The Dong with a Luminous Noise Literary Elements

The Dong with a Luminous Noise Literary Elements

Speaker or Narrator, and Point of View

The omniscient third-person narrator exists outside the action.

Form and Meter

Formless free verse with no regular meter.

Metaphors and Similes

The poem opens with metaphorical language situating: "When awful darkness and silence reign."
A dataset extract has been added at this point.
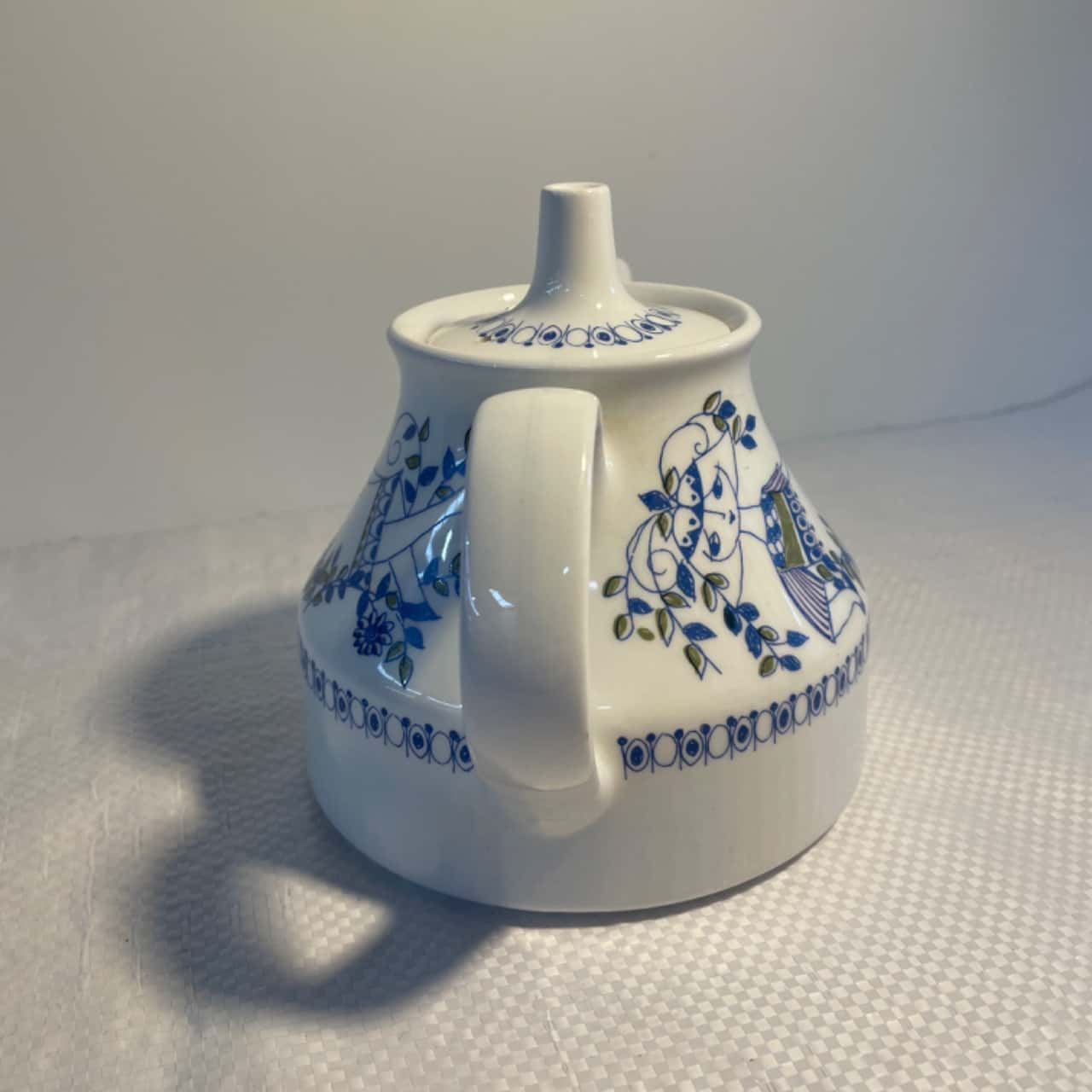 Vintage Figgjo Lotte Teapot. 1960s. Turi design.(s)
Alliteration and Assonance

The second line introduces alliteration to highlight the wondrous quality of the fictional setting: "Over the great Gromboolian plain,"

Irony

n/a

Genre

Nonsense Poetry/Narrative Poetry

Setting

The poem is set within a somewhat detailed fictional world on the "Gromboolian plain."

Tone

Lighthearted yet melancholic.

Protagonist and Antagonist

Protagonist: The Dong. Antagonist: The Jumbly Girl.

Major Conflict

The narrative tells the story of the consequences of the conflict at the heart of the tale: the Dong has fallen in love with the Jumbly Girl who has broken his heart by leaving the Gromboolian Plain with her seafaring people.

Climax

The story climaxes with the Jumbly Girl leaving the Dong behind to become completely brokenhearted and spend all his days looking for her.

Foreshadowing

The explanation for and description of the Dong's luminous nose is foreshadowed at the beginning of the second stanza: "Then, through the vast and gloomy dark, / There moves what seems a fiery spark,"

Understatement

The poem is an exploration of the devastating long-term effects of a broken heart, but this idea is introduced in an understated manner: "Long years ago / The Dong was happy and gay, / Till he fell in love with a Jumbly Girl."

Allusions

n/a

Metonymy and Synecdoche

In "And those who watch at that midnight hour / From Hall or Terrace, or lofty Tower" the Hall, Terrace, and Tower are metonymic references to the entire population of the Gromboolian plain.

Personification

"When the angry breakers roar" is an example of personification by endowing the waves with human emotions.

Hyperbole

Hyperbolic overstatement is used in the phrase "all night he goes" to describe the obsessive quality of the Dong's heartbroken search for Jumbly Girl.